____ Dataset records
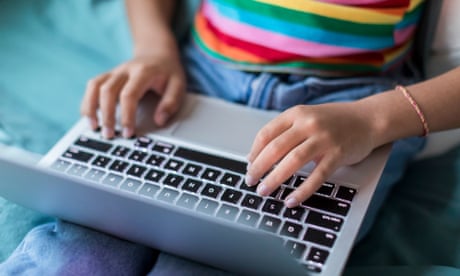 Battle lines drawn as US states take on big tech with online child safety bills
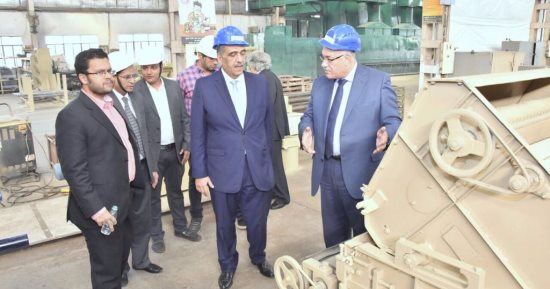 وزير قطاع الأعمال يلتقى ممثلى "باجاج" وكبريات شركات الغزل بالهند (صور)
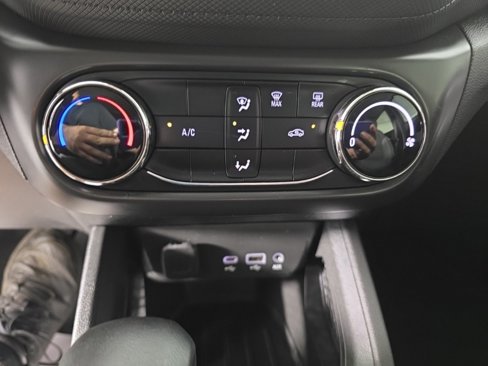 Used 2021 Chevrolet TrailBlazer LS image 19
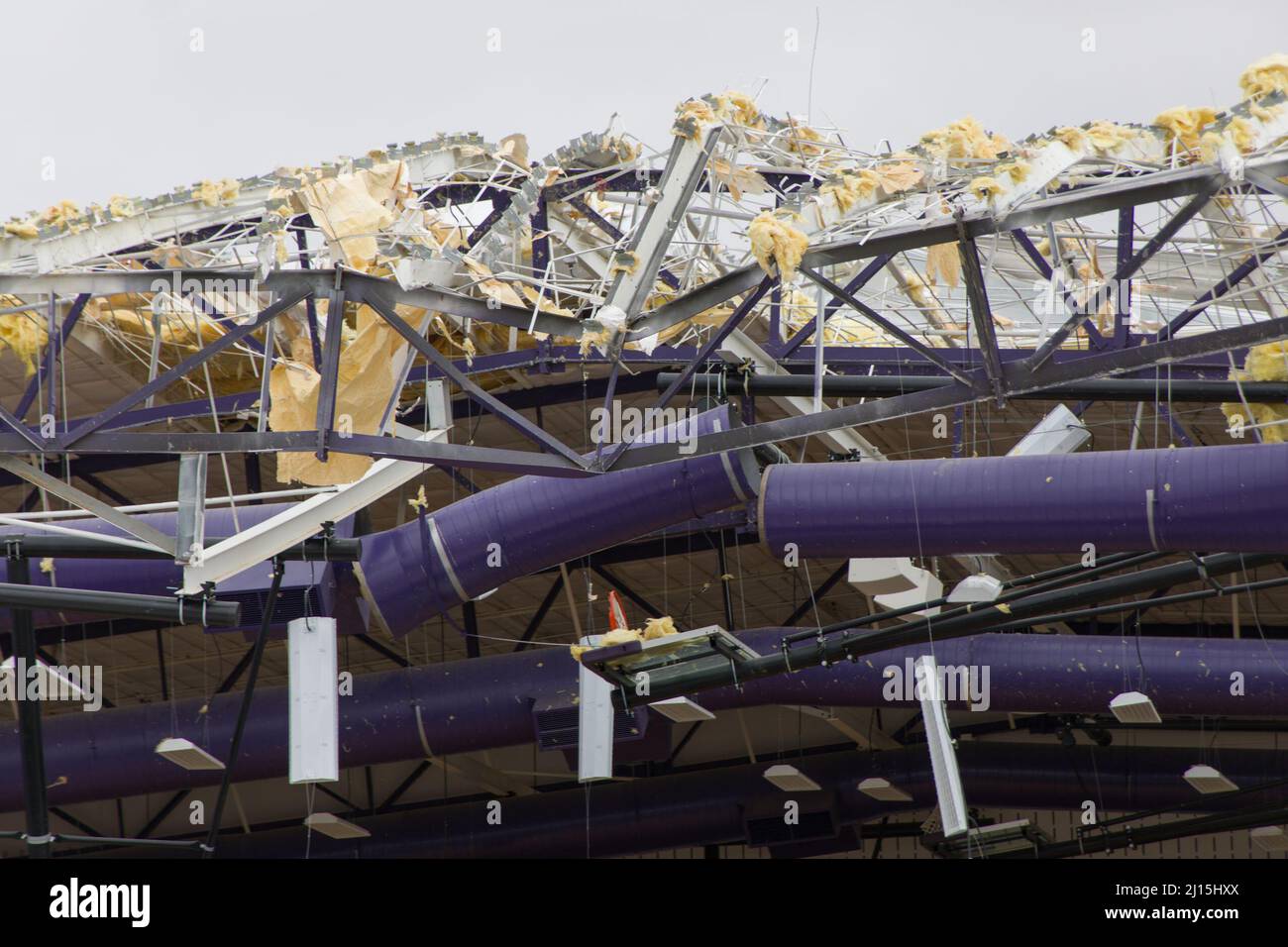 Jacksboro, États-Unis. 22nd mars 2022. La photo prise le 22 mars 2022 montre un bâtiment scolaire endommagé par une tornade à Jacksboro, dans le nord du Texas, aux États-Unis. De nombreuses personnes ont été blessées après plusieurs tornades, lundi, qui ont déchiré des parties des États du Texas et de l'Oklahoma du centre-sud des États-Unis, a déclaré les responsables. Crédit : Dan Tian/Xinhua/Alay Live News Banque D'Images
________
____ Dataset records
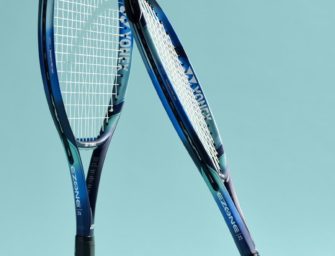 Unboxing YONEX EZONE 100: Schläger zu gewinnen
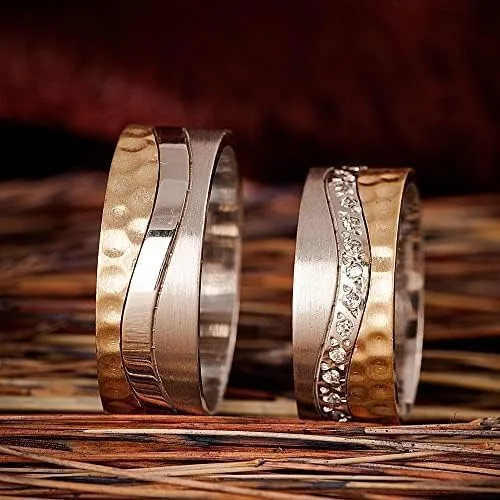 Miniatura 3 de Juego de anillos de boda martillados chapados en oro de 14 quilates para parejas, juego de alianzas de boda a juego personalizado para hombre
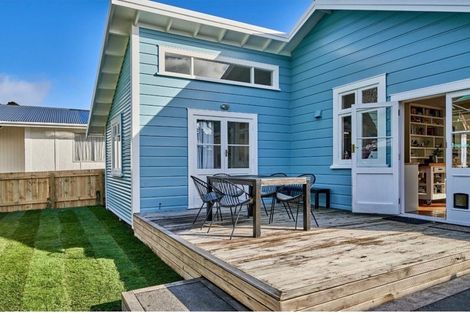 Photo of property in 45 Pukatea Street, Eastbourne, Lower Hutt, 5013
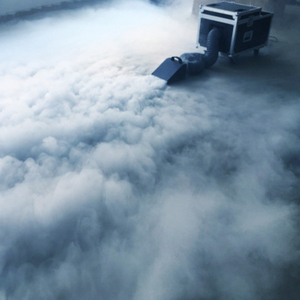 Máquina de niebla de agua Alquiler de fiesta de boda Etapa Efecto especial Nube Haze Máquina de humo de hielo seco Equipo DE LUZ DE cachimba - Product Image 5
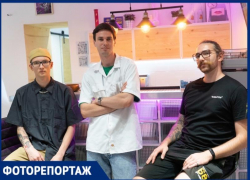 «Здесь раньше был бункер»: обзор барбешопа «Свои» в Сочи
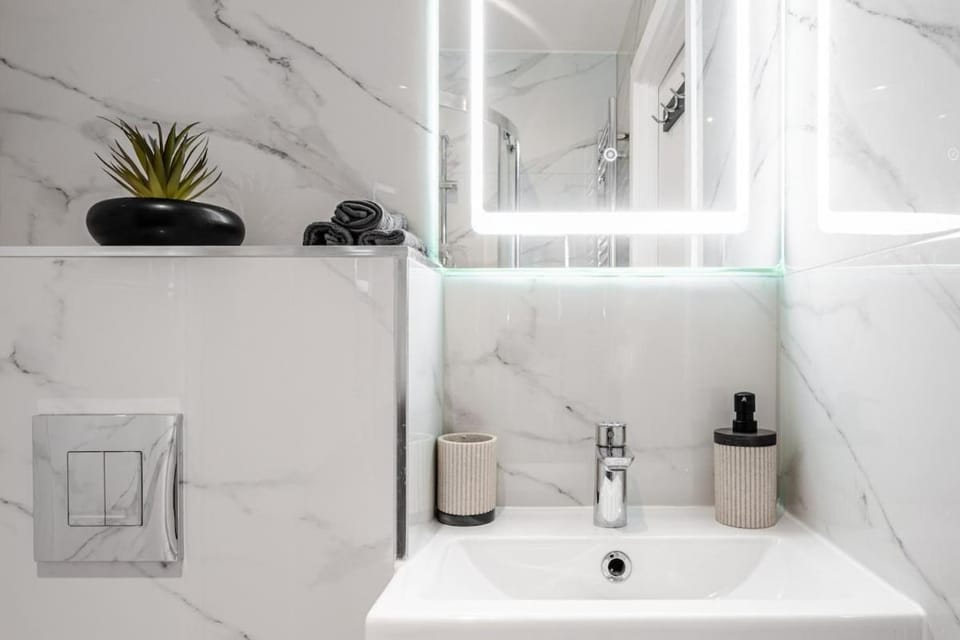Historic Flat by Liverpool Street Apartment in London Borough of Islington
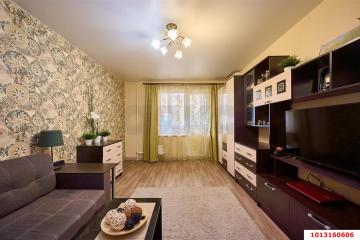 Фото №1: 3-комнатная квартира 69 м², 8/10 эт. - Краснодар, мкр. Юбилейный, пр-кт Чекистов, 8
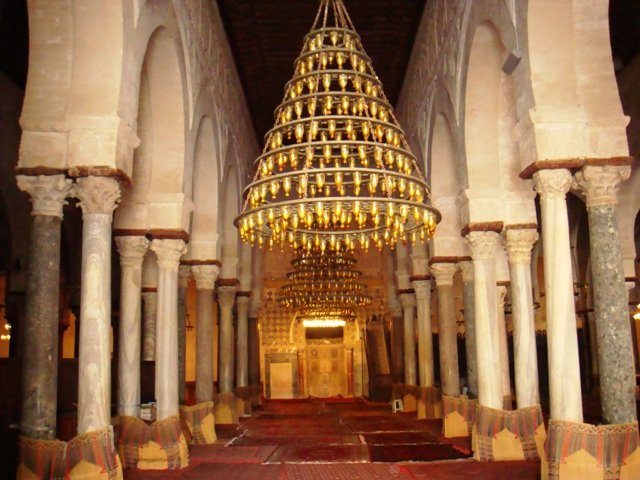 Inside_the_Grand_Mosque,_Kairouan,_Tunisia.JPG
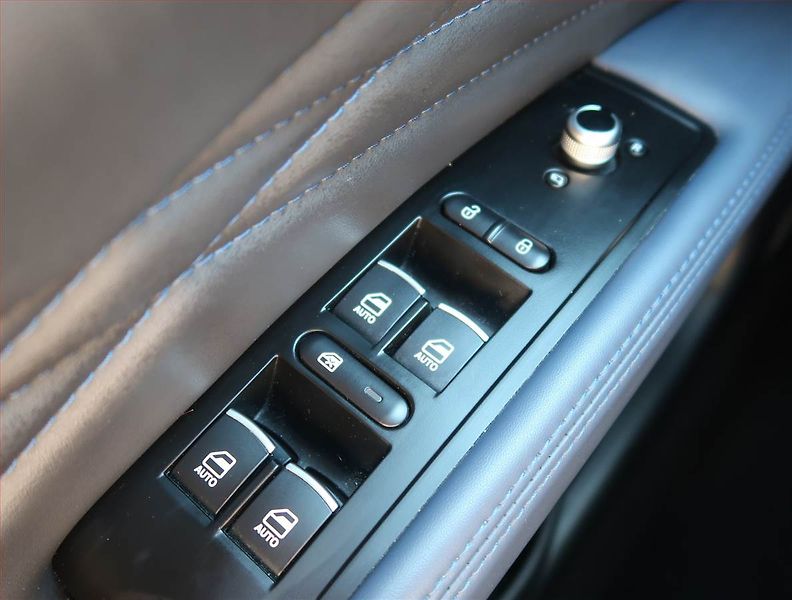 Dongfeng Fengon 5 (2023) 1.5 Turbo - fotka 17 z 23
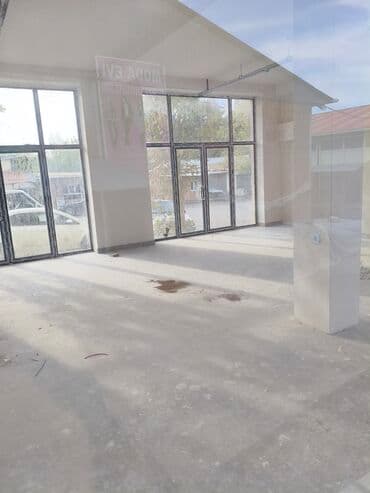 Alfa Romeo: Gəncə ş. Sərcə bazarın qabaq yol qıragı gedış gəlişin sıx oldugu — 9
________
____ Dataset records
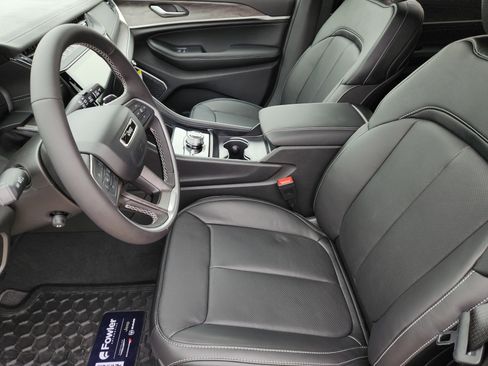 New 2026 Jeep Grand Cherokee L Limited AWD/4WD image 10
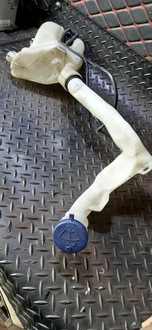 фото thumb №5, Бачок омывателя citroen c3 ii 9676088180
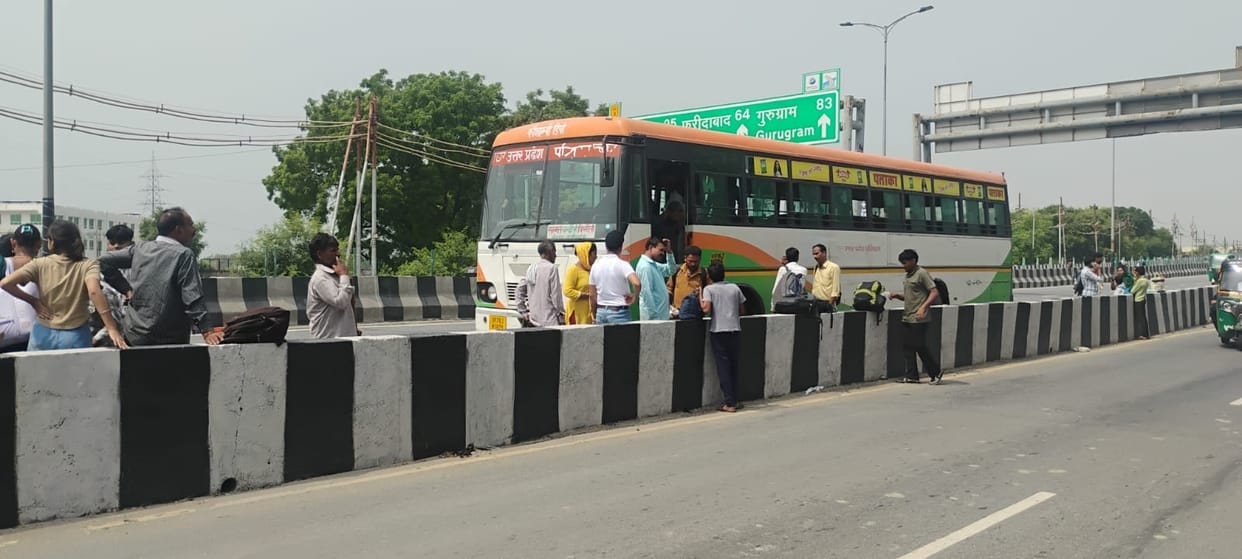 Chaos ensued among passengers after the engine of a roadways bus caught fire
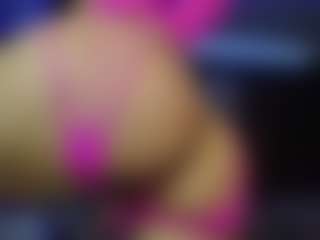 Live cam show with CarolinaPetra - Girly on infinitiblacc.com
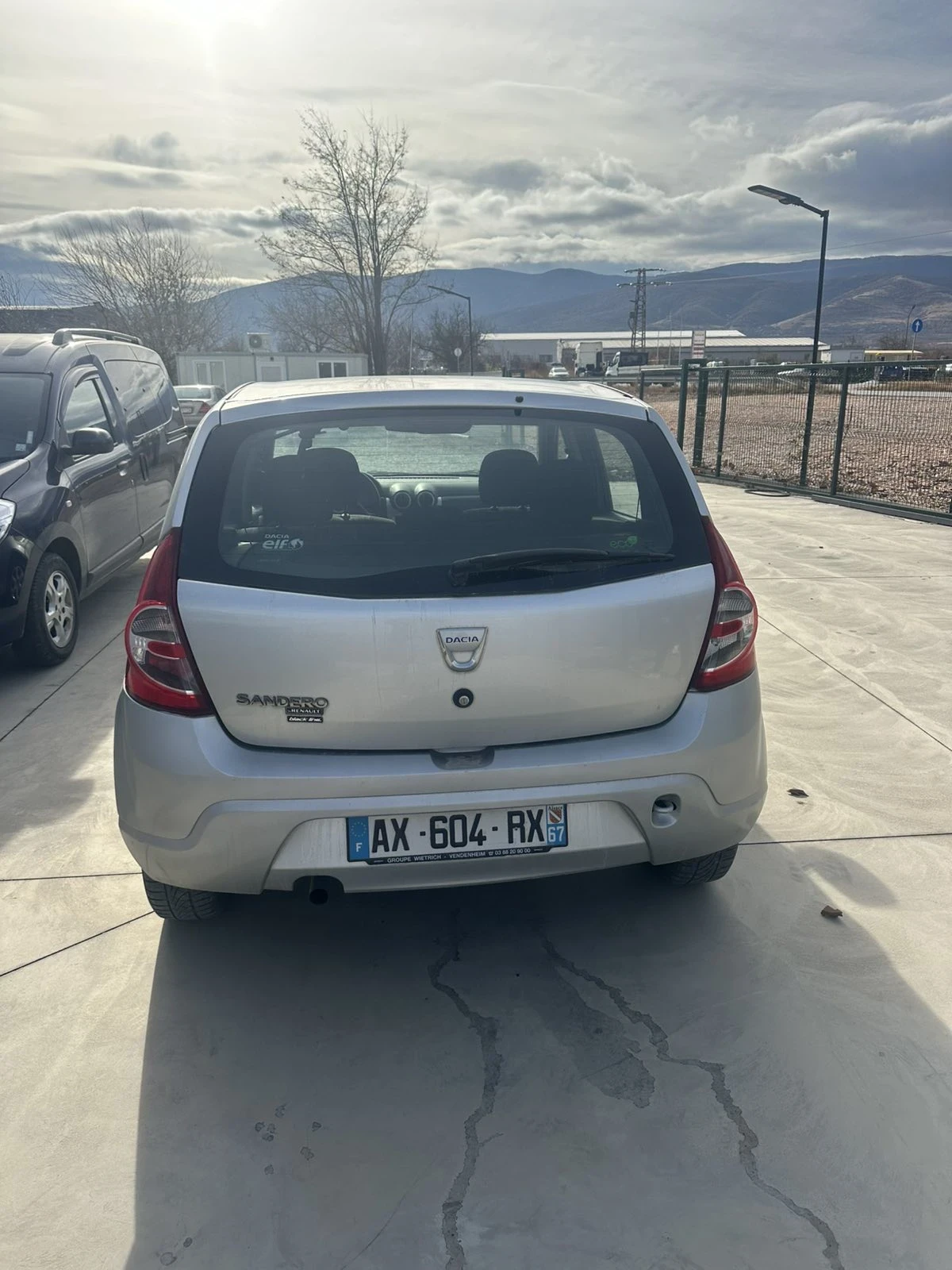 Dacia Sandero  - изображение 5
________
# Problem requirements
The material above holds pictures; leave them out. Repeat exactly the lines from the one containing "Dongfeng Fengon 5" through the one containing "Alfa Romeo: Gəncə", and nothing else.

# Result
 Dongfeng Fengon 5 (2023) 1.5 Turbo - fotka 17 z 23
 Alfa Romeo: Gəncə ş. Sərcə bazarın qabaq yol qıragı gedış gəlişin sıx oldugu — 9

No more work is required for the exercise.